Segment Start: TASK INPUT

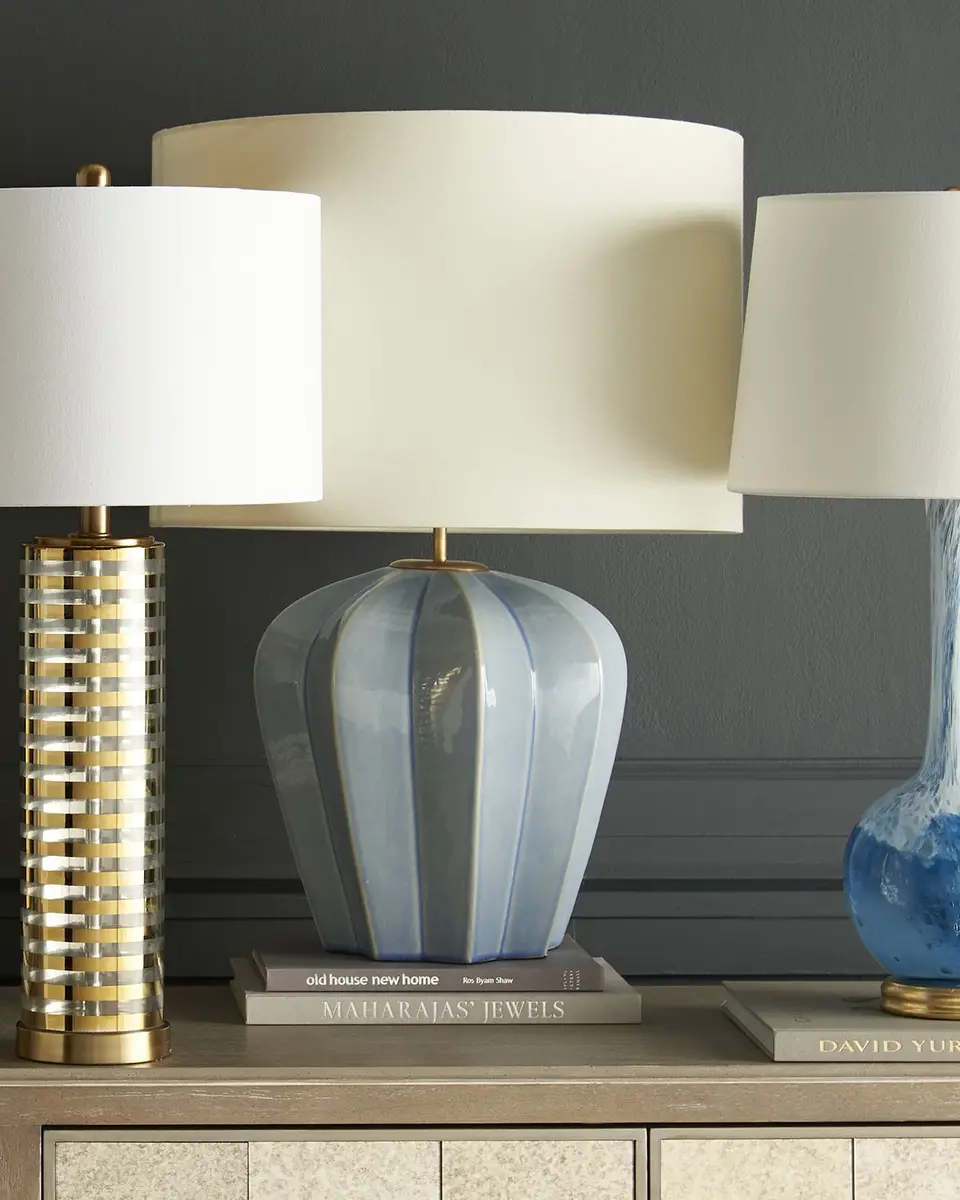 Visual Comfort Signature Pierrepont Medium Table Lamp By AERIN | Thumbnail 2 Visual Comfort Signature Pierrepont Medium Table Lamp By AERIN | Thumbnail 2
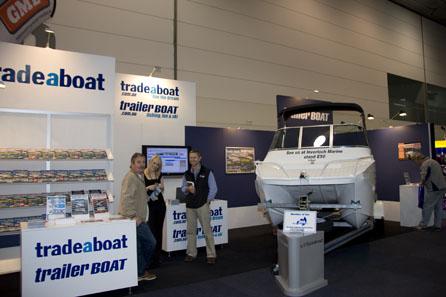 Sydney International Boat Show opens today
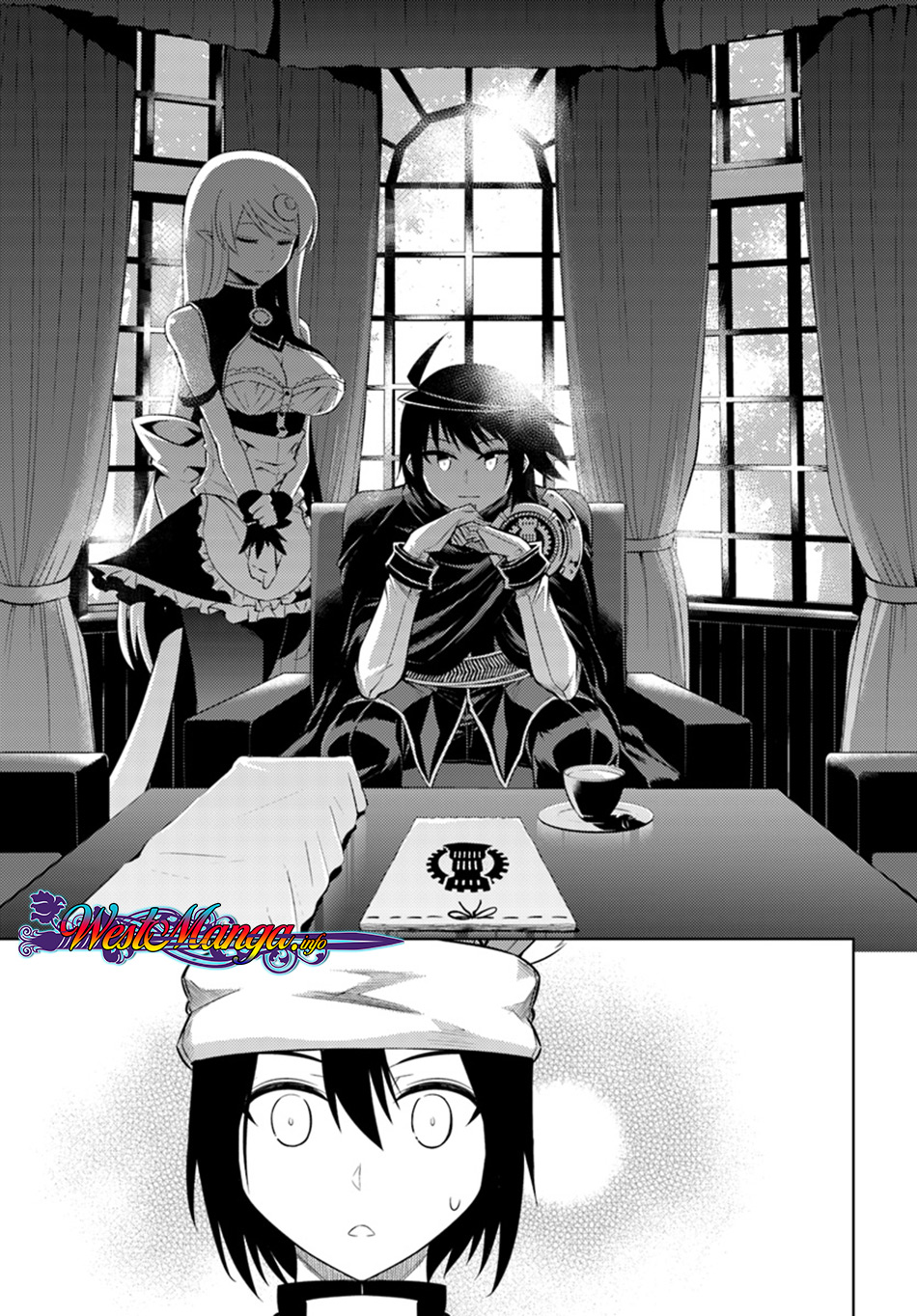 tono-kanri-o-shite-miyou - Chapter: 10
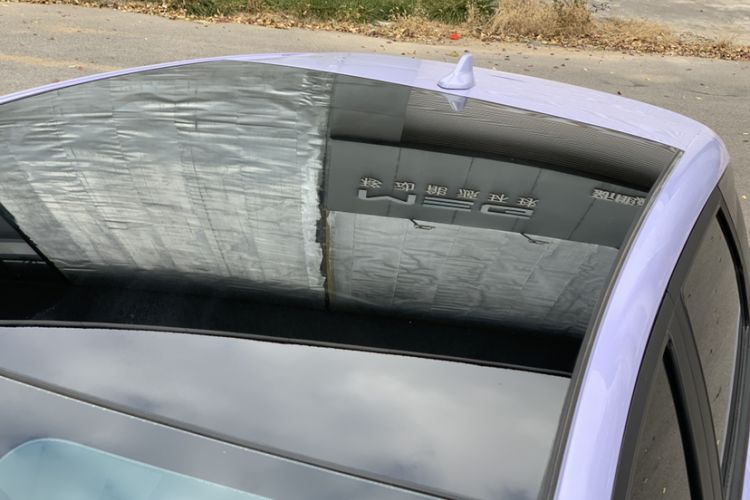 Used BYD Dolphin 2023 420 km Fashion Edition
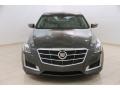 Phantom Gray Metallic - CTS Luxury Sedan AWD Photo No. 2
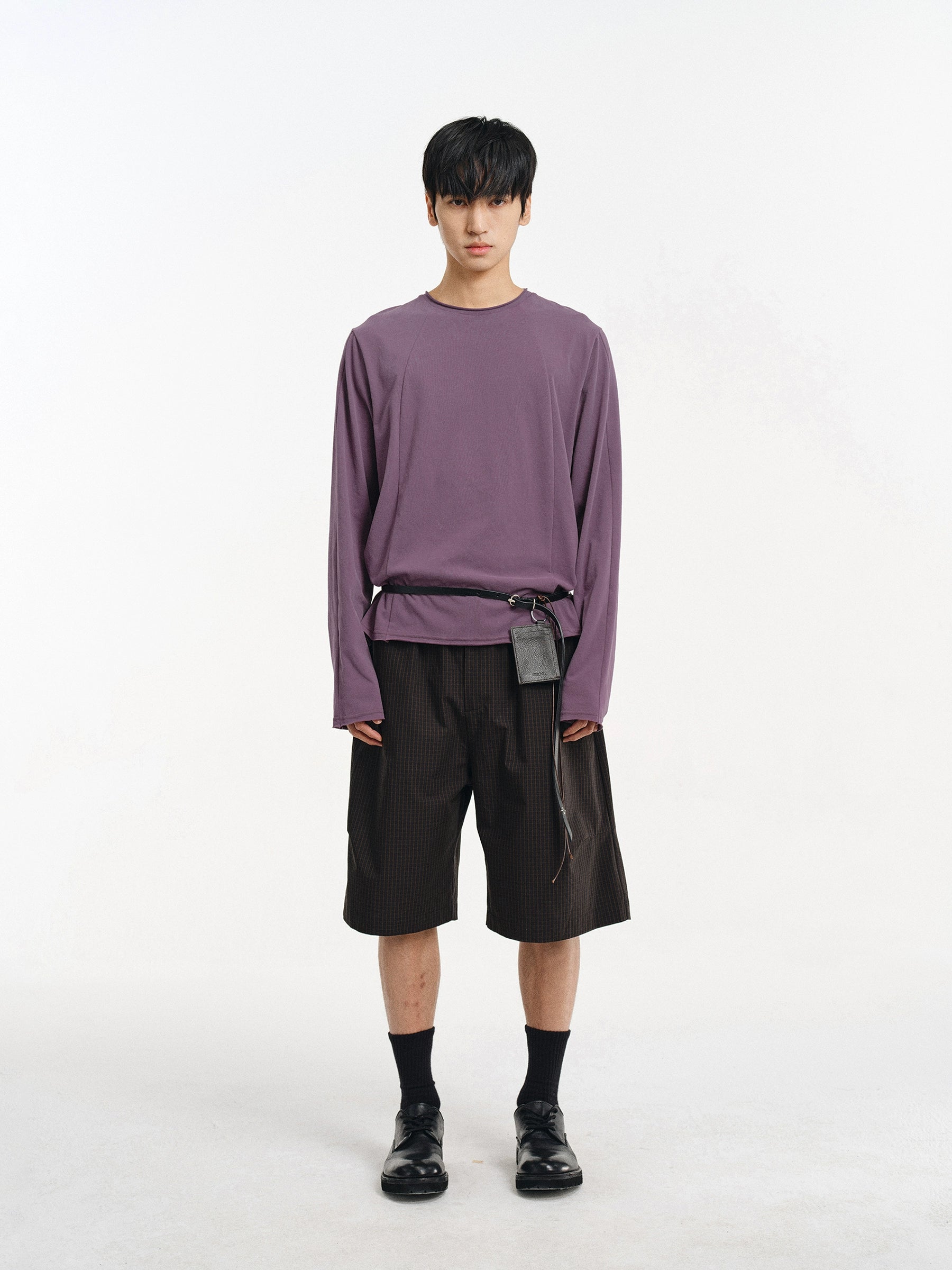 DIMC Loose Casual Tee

Segment End: TASK INPUT
Segment Start: TASK INPUT

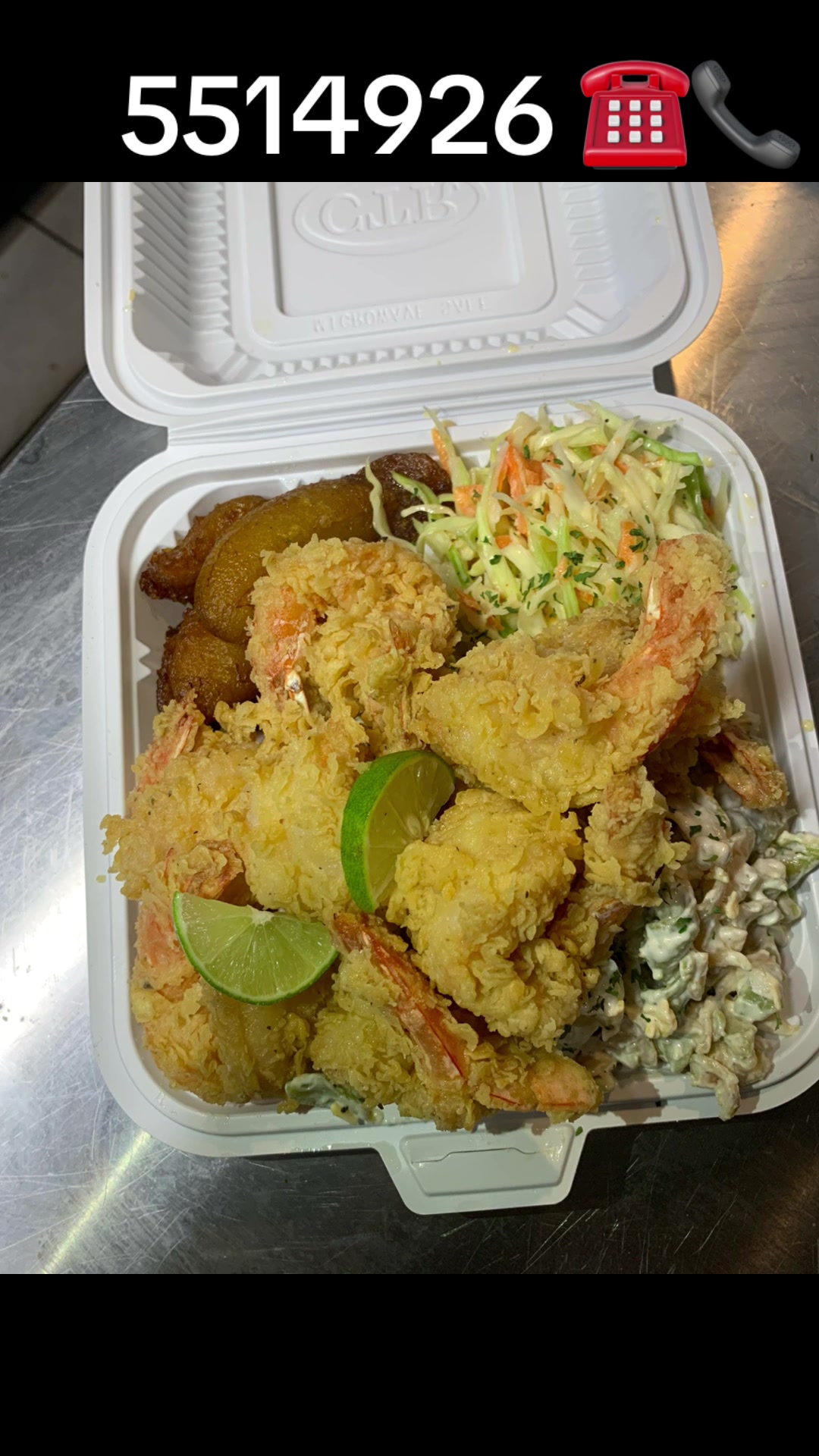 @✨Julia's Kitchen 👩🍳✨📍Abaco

Segment End: TASK INPUT

▸ **WHAT IS NEEDED**
Above are some records. Reproduce the lines from the one with "Thumbnail 2 Visual" down to the one with "DIMC Loose Casual Tee", keeping both, and leave every picture out.

▸ **SOLUTION TO THIS TASK**
 Visual Comfort Signature Pierrepont Medium Table Lamp By AERIN | Thumbnail 2 Visual Comfort Signature Pierrepont Medium Table Lamp By AERIN | Thumbnail 2
 Sydney International Boat Show opens today
 tono-kanri-o-shite-miyou - Chapter: 10
 Used BYD Dolphin 2023 420 km Fashion Edition
 Phantom Gray Metallic - CTS Luxury Sedan AWD Photo No. 2
 DIMC Loose Casual Tee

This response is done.